Roti Canai...Ohh Roti Canai..

Today I ate 4 pieces of Roti Canai. But not in one go though. 15 to 20 years ago yes, I could wallop 4 rotis in one serving. I think Azad or Mafeitz can testify to this because we always go to Warong Selera restaurant to eat canai after our morning school session. At that time it only costs us 50 sen per roti.

Roti canai is Malaysia's favourite breakfast meal. Almost anywhere we go, the choice is either nasi lemak or roti canai for breakfast. Check out flicker and look at how many pictures posted about roti canai! It's even on Wiki!

Today I had roti for breakfast at Raju restaurant in PJ. The place is cosy, very relaxing, unlike any other mamak restaurant I've been too. They serve roti using banana leaf and they charge you RM1.20 per roti. Not bad at all considering that they offer you unique ambiance to savour your canai.

In the evening, I went to this roti place at the Curve, Mutiara Damansara.

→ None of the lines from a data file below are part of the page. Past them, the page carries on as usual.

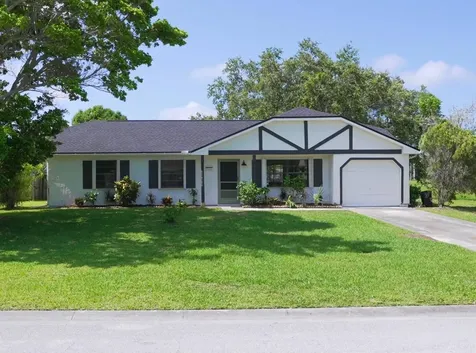 1565 SE South Balcourt Court Port St Lucie FL 34952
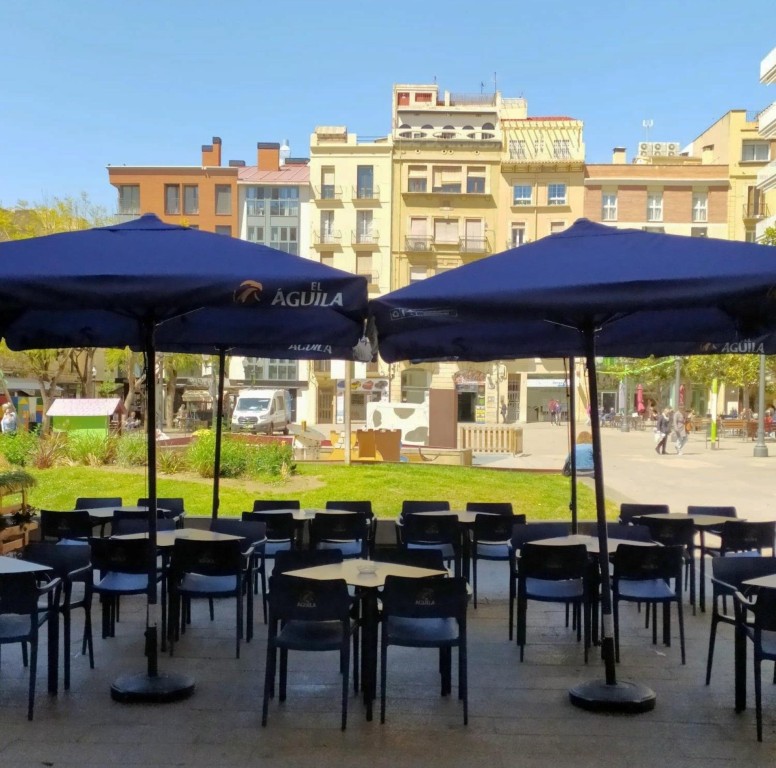 Imagen 2 de OPORTUNIDAD ÚNICA: Traspaso de Restaurante Emblemático en Pleno Rendimiento – Eixample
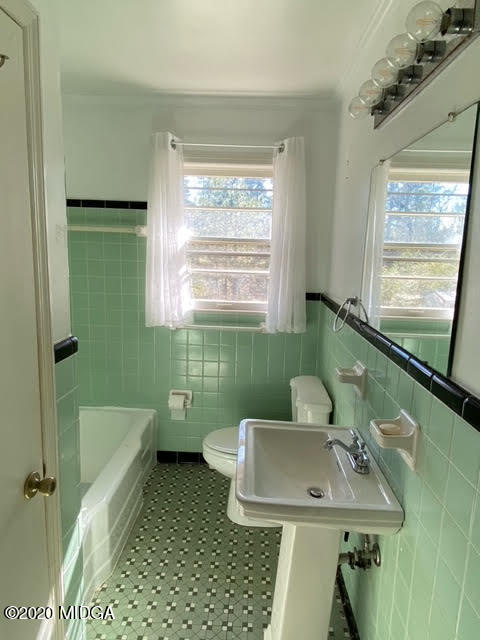 737 Windsor Road Macon, GA 31204 - Photo 11 of 17 Guest Bathroom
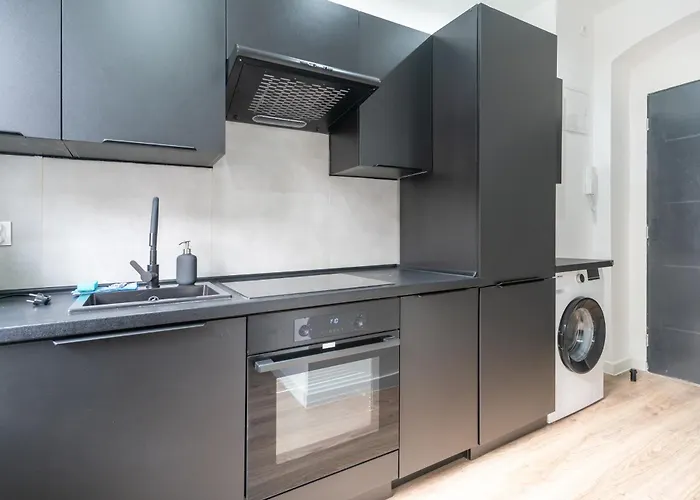 Krzywa By Bookinghost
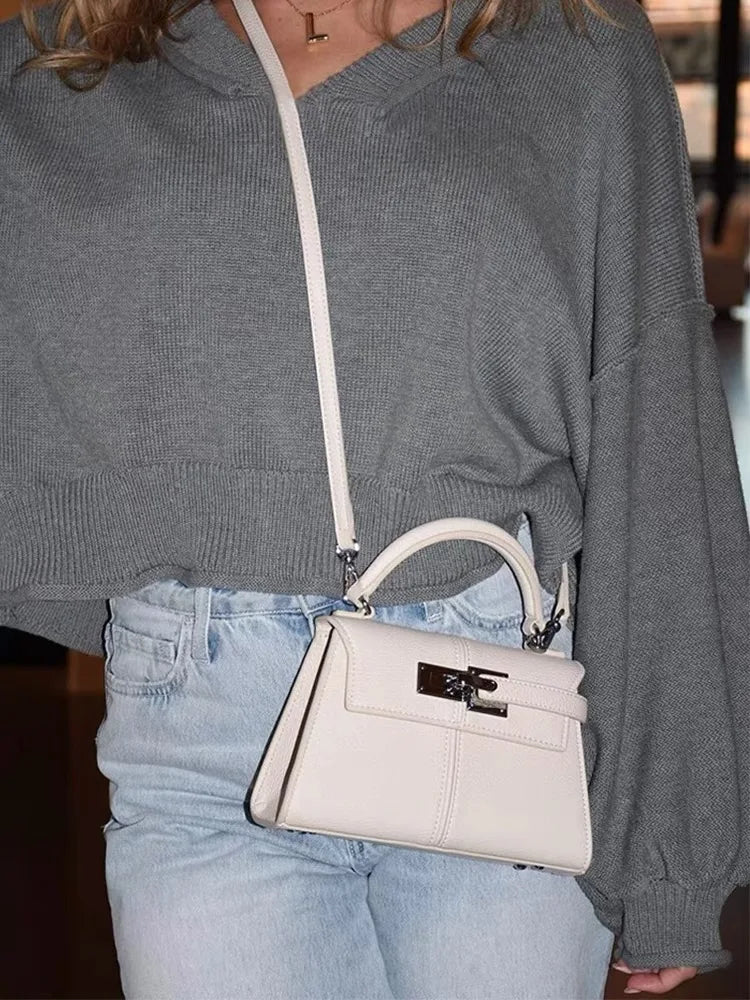 Bolsa de Mão, Formato Geométrico, Estilo Elegante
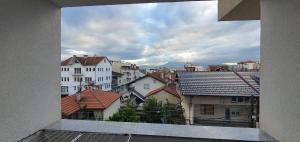 einen Blick aus dem Fenster einer Stadt mit Gebäuden in der Unterkunft AL Apartments 02 in Prizren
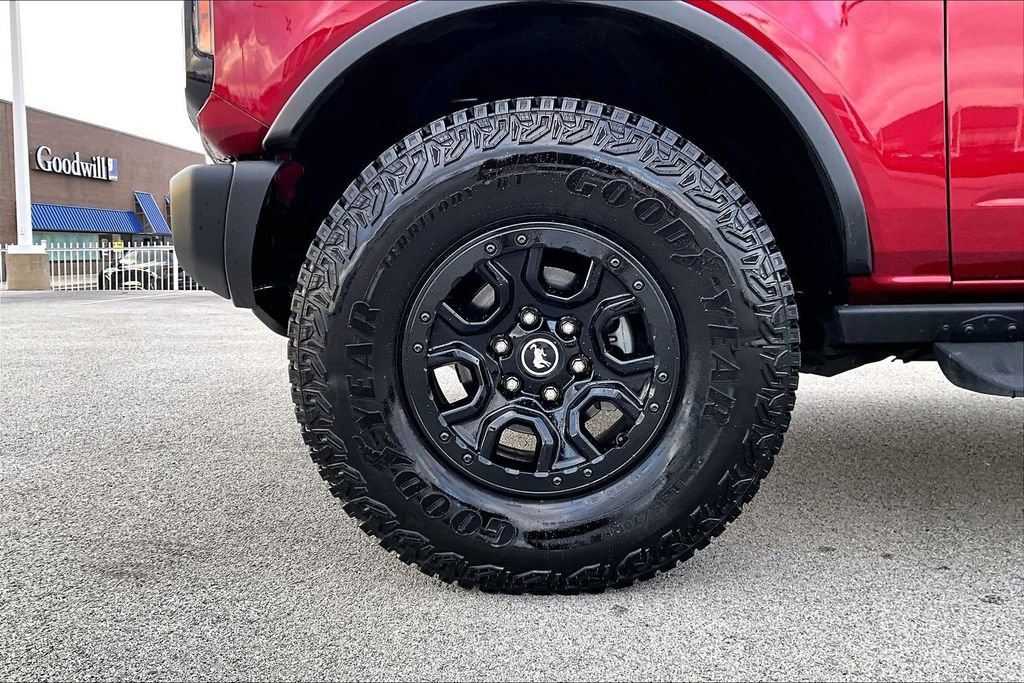 Certified 2025 Ford Bronco Badlands AWD/4WD image 9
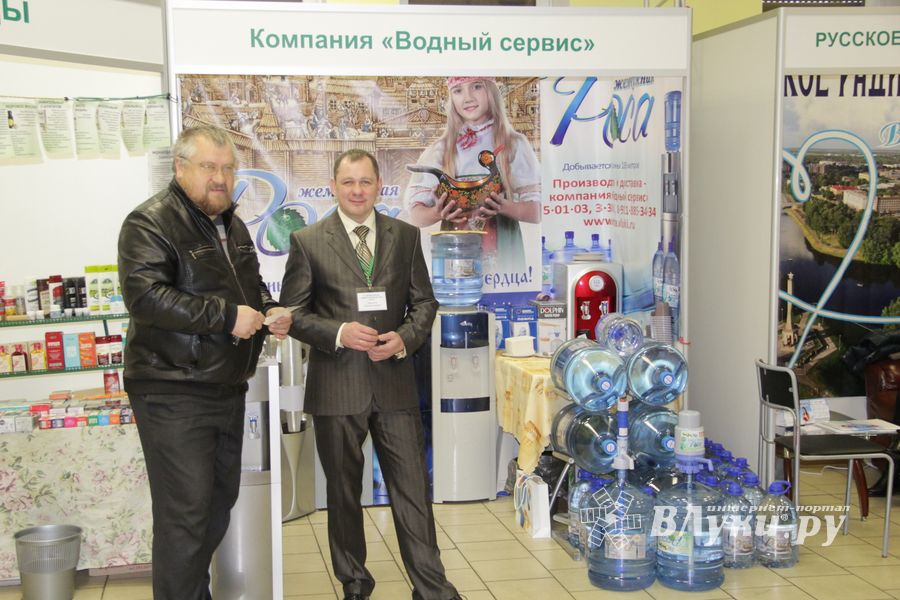 Шестая великолукская универсальная выставка открылась в Великих Луках (фото + видео)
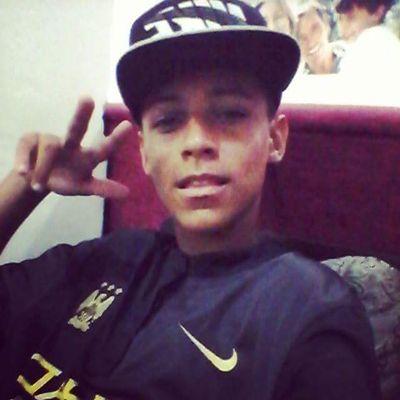 Profile Picture of Rosa Schneider (@bomba_ne) on Twitter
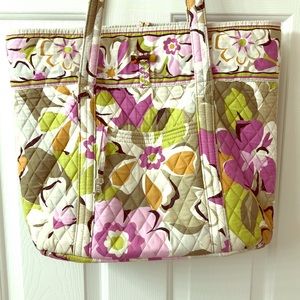 Vera Bradley iconic tote in “Portobella Road”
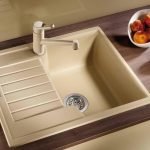 Lavabo con grifo mezclador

This place is recommended by Megat Harris. He and his wife always come here for breakfast. No wonder I don't see them at Tesco Kayu restaurant on Sundays. They've found a better place! The roti here is lazat!. Lemak and gebu.

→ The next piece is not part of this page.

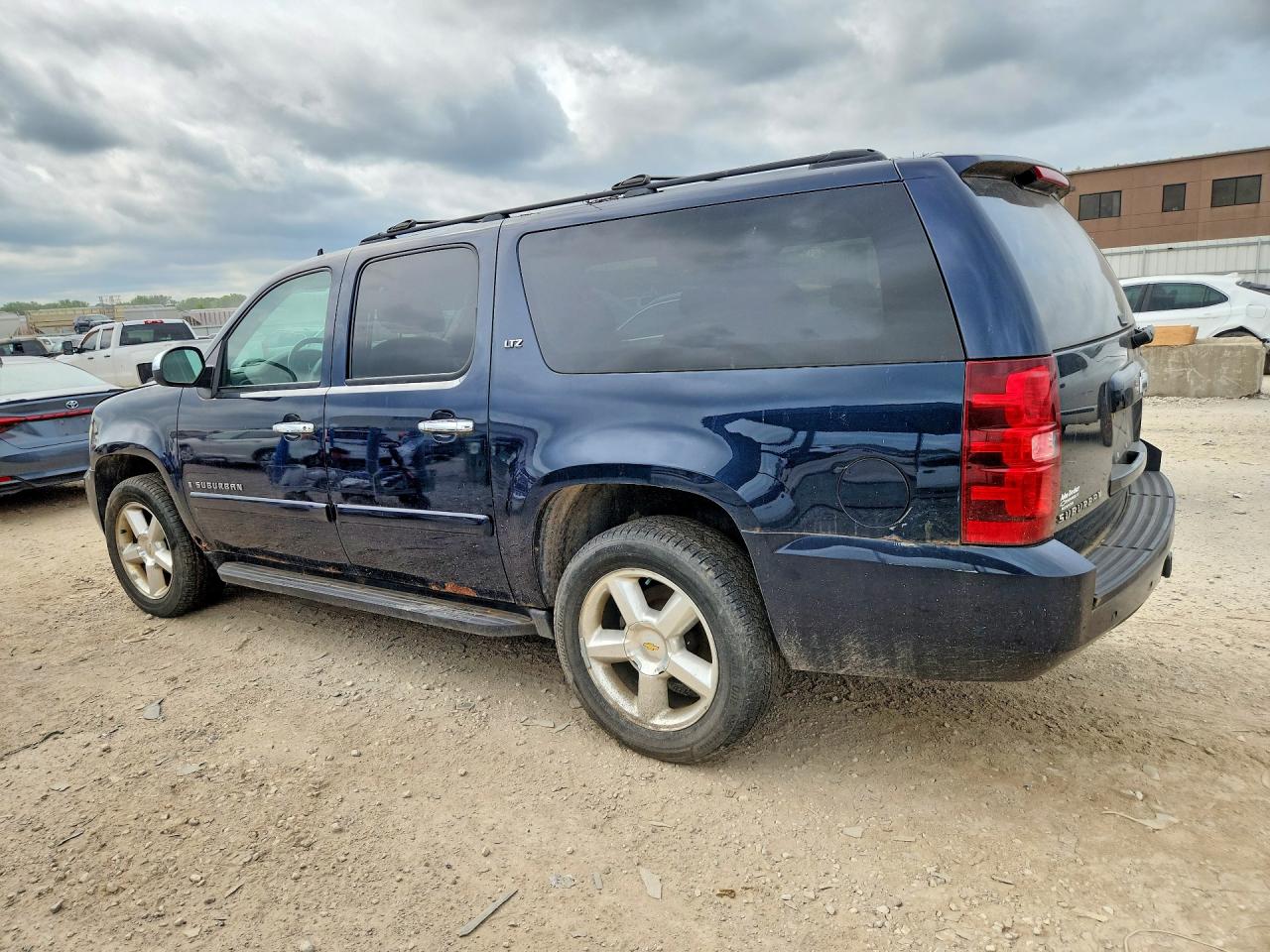 2008 Chevrolet Suburban K1500 Ls Blue vin: 3GNFK16328G157796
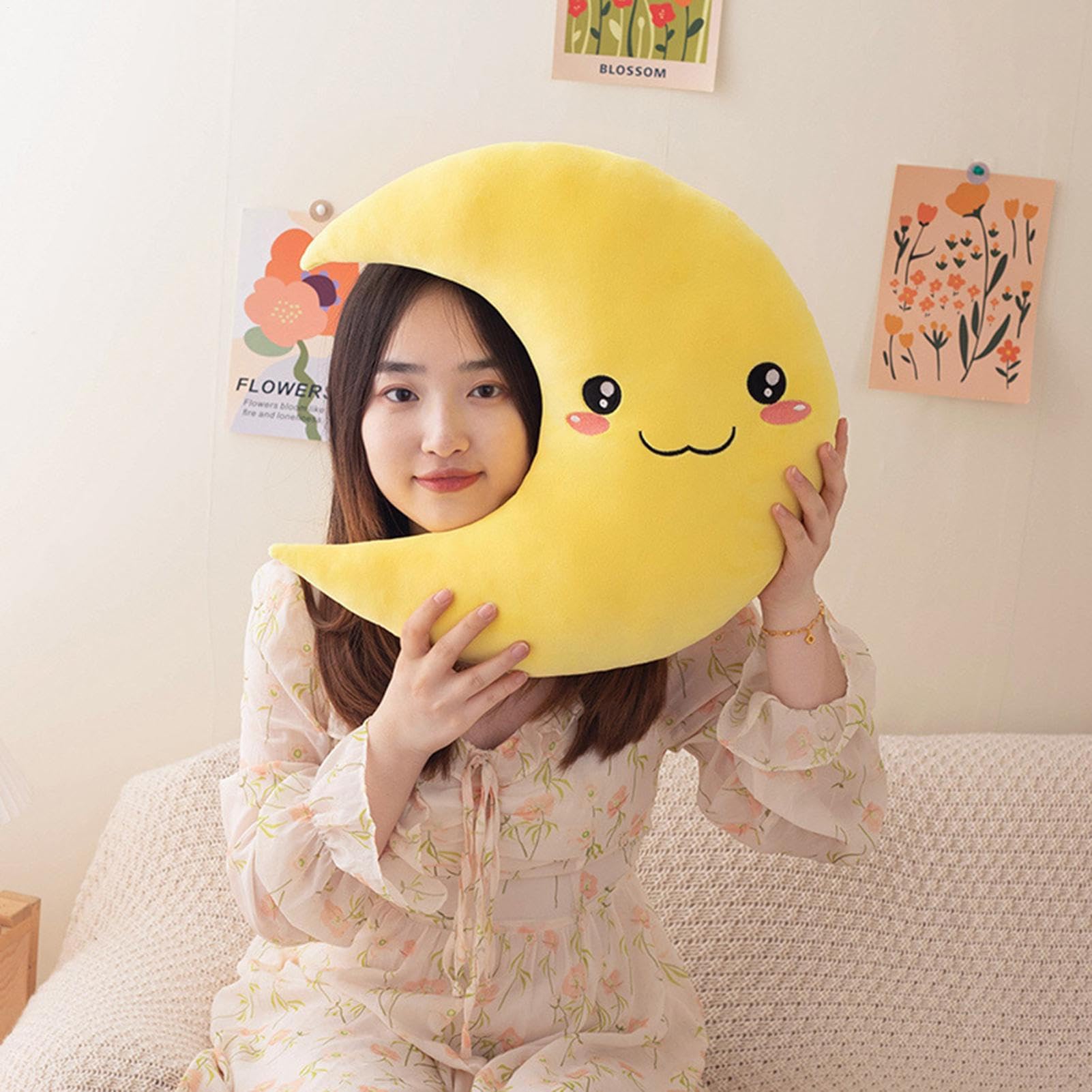 Almohada en forma de luna, cojín de peluche suave, almohada de 9.84 pulgadas con función de felpa, accesorio de decoración de guardería, cama con diseño auténtico, regalo para niños para habitación y — view 6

I know some of us might be drooling looking at these pictures!..hehehe

My favourite place is still the same. It's the champion. This mamak restaurant is located at PJ state nearby Maybank, opposite the multi storey parking place (where you can find the famous kari kepala ikan).

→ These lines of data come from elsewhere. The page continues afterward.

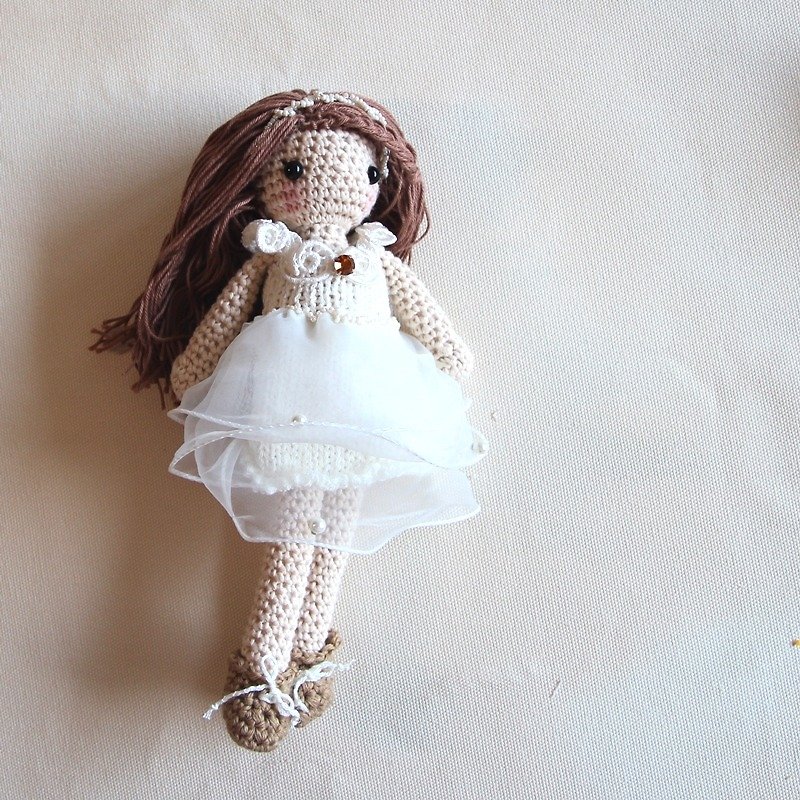 手钩玩偶 毛线娃娃 小美娃娃 新娘造型 白纱 纯白珍珠蕾丝裙 - 玩偶/公仔 - 聚酯纤维 白色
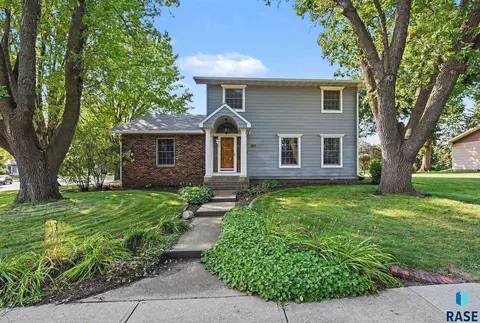 Exterior - 527 Ashmont Rd, Madison, SD 57042 photo 2 of 5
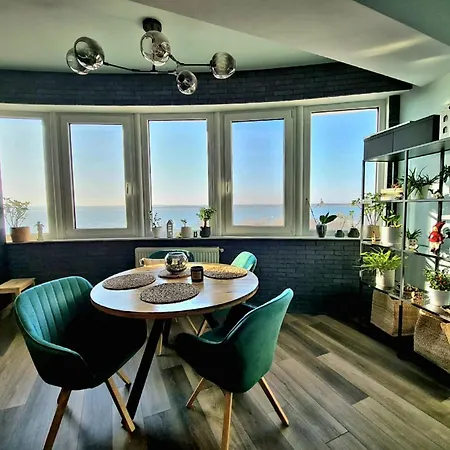 Little Amsterdam Summerland * Mamaia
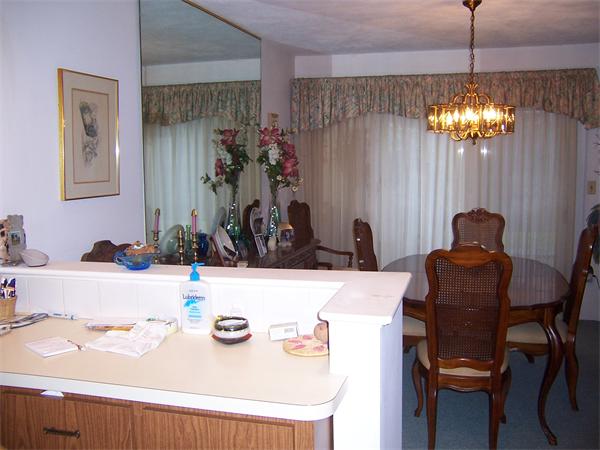 13 Country Club Road, Unit 13 Peabody, MA 01960 - Photo 4 of 12 Gallery Image 4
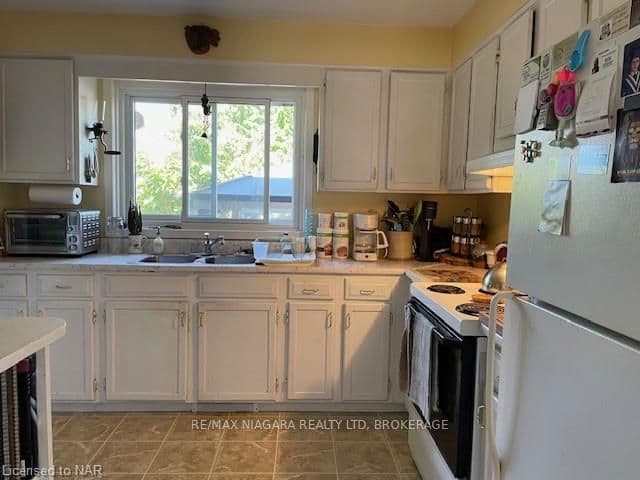 4497 SUSSEX Drive photo 5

I can't remember the name of that restaurant, but the roti is soooo nice. It has a fine balance between juicy a.k.a greasiness, crispiness and richness in taste. This place is highly recommended. I forgot how much I paid for it. It's so good that the price is not a matter to me.

I think Malaysian can develop this one particular skill. Just like how people developed the art of wine tasting, we should develop this Roti Canai tasting skills. The sensory examination and evaluation of Roti Canai. hehehe...

A true Canai lover would be able to describe the range of flavors, aroma and general characteristics of a perfect roti canai. But in the first place, what is a perfect roti canai?? Can anyone describe it?? Is it in the preparation? Texture and taste? The shape?

That's why laaa we need to develop roti canai scoring! Perhaps Hitz.FM can come out with something! Imagine when JJ and Rudy conducts canai tasting on air...them describing the perfect canai would be hilarious!